━━━ SUPPLIED MATERIAL ━━━
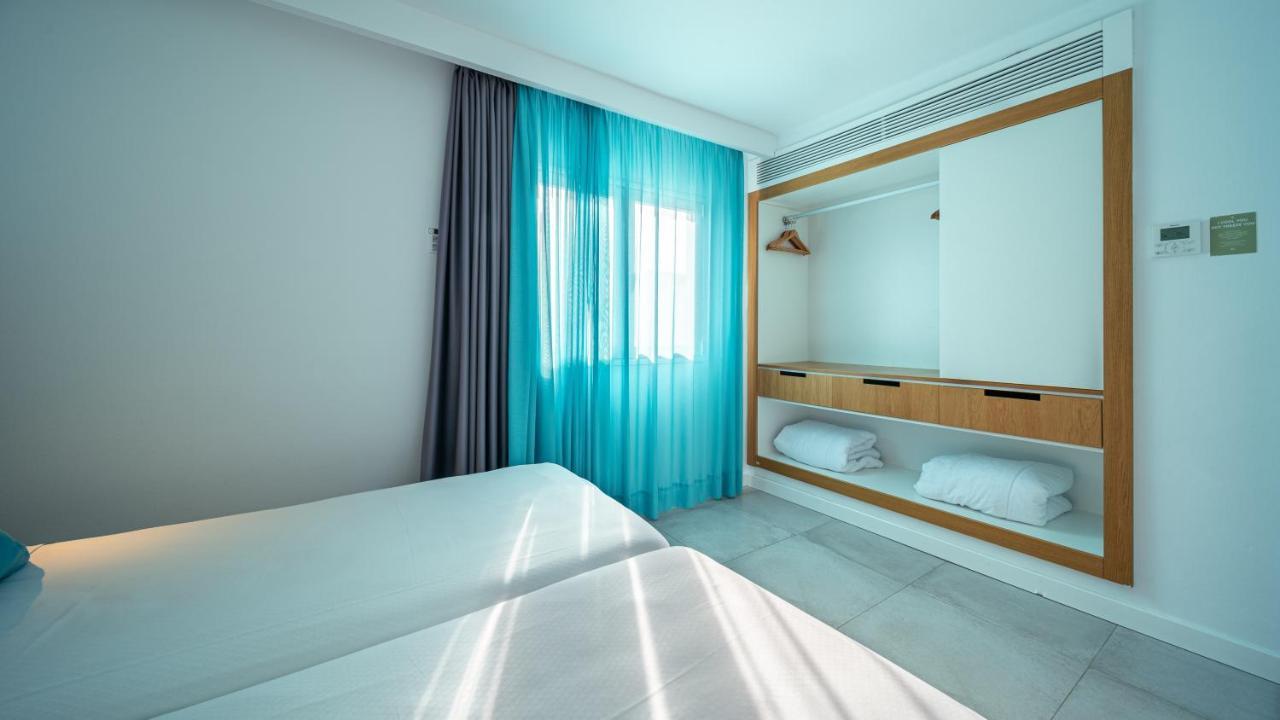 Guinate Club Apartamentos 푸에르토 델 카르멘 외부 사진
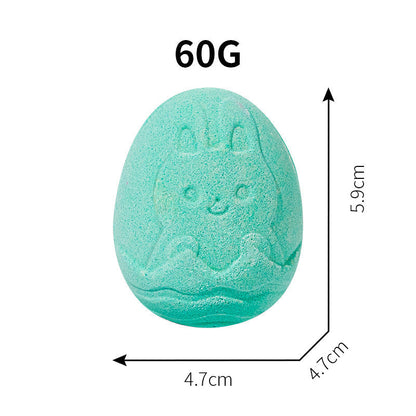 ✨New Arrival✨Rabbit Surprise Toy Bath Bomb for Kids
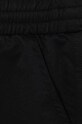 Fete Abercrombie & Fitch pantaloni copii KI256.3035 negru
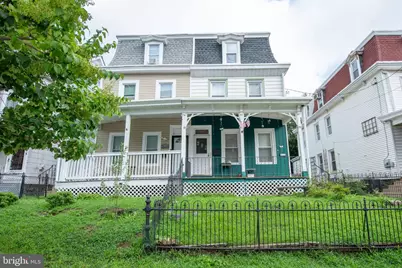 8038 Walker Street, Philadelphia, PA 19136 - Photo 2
━━━
PROBLEM REQUIREMENTS:
Please restate word for word each line from the one containing "Bomb for Kids" to the end of the data above, without the pictures.

OUTPUT BELOW:
 ✨New Arrival✨Rabbit Surprise Toy Bath Bomb for Kids
 Fete Abercrombie & Fitch pantaloni copii KI256.3035 negru
 8038 Walker Street, Philadelphia, PA 19136 - Photo 2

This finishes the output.